Use the hybrid model, which corresponds to **Option 3: Combined Approach**.

Why:
- Fast PR checks keep developer feedback quick.
- Nightly full checks keep code quality high.
- Cost is lower than running everything on every PR.
- A shared dashboard gives clear quality visibility.

This recommendation does not assume that reporting alone is sufficient.
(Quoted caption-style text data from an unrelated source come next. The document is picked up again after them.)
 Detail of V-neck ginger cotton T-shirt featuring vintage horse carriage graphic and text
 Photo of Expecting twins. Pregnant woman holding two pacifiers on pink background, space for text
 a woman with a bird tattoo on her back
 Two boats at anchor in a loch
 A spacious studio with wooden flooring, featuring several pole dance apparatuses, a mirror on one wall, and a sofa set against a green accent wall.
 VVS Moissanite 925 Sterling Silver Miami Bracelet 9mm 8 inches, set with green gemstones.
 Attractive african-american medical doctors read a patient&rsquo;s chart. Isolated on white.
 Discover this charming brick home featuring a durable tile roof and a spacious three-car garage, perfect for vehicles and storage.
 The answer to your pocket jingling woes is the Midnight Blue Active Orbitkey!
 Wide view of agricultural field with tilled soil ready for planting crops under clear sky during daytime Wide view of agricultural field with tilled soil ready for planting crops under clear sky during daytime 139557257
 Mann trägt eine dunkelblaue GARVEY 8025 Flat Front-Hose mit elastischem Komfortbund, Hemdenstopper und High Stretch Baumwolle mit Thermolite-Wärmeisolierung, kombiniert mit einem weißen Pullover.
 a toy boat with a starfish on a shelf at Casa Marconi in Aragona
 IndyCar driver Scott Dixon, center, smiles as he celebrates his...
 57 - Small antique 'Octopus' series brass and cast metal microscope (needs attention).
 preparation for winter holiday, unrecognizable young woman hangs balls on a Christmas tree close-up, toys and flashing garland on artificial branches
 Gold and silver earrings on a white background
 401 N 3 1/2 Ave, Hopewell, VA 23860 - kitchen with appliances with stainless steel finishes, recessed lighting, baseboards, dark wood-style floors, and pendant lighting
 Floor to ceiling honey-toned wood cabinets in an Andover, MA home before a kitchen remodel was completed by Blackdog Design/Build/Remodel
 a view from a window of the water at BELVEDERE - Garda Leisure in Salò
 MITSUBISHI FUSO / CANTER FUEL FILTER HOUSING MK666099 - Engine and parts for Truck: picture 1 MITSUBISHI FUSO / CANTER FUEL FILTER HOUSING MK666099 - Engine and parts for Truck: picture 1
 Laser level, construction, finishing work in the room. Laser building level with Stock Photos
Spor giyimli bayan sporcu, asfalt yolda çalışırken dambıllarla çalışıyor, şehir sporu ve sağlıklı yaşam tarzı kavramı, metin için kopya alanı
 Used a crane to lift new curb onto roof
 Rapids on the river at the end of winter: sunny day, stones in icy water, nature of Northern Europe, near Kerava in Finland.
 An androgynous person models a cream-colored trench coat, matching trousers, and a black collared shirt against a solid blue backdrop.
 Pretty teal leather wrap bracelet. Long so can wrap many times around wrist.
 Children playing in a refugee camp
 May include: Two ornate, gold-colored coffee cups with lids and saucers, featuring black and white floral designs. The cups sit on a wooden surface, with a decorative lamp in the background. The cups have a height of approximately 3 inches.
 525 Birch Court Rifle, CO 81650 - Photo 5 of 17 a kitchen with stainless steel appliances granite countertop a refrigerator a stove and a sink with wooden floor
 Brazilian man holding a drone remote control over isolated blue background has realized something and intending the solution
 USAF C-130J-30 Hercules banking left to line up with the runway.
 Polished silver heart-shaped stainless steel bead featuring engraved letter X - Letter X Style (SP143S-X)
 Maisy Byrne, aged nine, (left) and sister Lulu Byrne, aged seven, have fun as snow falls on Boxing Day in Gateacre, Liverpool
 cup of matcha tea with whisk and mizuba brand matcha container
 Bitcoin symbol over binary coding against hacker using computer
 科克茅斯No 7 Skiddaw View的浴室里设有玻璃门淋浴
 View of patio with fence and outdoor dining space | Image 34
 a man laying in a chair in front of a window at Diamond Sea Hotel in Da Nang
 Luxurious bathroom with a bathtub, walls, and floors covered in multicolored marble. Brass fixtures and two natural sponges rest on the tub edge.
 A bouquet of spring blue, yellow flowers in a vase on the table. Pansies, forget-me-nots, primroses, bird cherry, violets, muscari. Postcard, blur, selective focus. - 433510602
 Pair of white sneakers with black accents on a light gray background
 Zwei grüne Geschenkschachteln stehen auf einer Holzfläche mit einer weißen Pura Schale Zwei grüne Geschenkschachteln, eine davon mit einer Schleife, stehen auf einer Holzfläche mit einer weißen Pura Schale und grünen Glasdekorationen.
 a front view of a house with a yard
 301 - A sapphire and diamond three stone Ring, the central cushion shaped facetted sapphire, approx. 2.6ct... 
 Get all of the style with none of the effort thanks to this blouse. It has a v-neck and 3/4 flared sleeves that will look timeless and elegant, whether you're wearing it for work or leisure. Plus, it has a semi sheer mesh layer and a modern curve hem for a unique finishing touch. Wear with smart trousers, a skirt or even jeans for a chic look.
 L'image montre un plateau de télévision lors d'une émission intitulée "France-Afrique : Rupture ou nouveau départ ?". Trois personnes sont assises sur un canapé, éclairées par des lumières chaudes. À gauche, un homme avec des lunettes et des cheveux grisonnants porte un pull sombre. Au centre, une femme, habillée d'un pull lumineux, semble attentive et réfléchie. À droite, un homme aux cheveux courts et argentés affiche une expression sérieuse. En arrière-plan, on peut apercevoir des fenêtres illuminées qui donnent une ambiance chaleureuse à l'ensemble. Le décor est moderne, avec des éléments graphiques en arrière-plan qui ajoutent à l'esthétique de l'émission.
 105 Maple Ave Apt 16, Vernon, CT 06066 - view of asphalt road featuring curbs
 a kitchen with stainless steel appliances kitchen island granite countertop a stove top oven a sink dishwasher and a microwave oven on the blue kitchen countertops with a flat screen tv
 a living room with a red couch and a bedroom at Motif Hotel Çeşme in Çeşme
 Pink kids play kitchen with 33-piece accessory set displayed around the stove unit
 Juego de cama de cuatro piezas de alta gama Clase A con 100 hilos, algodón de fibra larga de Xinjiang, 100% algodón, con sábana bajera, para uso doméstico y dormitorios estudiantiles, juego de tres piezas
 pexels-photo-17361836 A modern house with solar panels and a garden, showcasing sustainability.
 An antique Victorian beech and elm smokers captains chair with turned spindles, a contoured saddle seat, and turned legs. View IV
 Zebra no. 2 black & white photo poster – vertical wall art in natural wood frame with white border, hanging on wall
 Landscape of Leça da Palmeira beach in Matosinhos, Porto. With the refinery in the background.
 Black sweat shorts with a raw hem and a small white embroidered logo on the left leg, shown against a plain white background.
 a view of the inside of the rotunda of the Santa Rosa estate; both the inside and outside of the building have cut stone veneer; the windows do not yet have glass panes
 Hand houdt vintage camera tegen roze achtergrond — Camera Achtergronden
Instead, it combines:
- **Visibility** through dashboard reporting
- **Control** through CI enforcement for the most critical checks

For example:
- CI can enforce no compiler warnings, no critical CodeQL issues, and no new clang-tidy violations.
- The dashboard can track broader trends such as overall coverage progress and quality status over time.

This approach is practical and can be started step by step.

---

**Next Steps:**

1. Agree on the final list of KPIs.
2. Decide which KPIs must block merges in CI and which KPIs are tracked through reporting.
3. Run a short pilot: nightly CodeQL + coverage.
4. Review results with team.
5. Select the dashboard tool and start rollout.

---

## One-Page Version

### Goal
Keep S-CORE quality high, but keep PR feedback fast and CI cost under control.

### Simple Plan
- Run fast checks on every PR (build, tests, formatting).
- Run full quality checks at night (CodeQL, full clang-tidy, sanitizers, coverage).
- Show quality trends in a shared dashboard.

### Why This Plan
- Developers get quick PR feedback.
- Deep quality issues are still checked every day.
- CI cost is lower than running all checks on every PR.
- Quality status is visible for all teams.

### Risks
- Some issues are found at night, not immediately on PR.
- We need clear ownership for nightly failures.
- Dashboard setup needs some initial effort.

### What Is Already in S-CORE (Observed)
- PR build and test checks are present.
- Formatting checks are present.
- Coverage and sanitizer workflows exist but are not PR-blocking checks.

### What Is Missing (Observed)
- No dedicated CodeQL GitHub Actions workflow.
- No nightly scheduled quality workflow.
- No KPI export/dashboard flow to a shared reporting tool.


### Recommendation
Start with the hybrid model now, run a short pilot, and then finalize targets with Jan based on CI time, cost, and team capacity.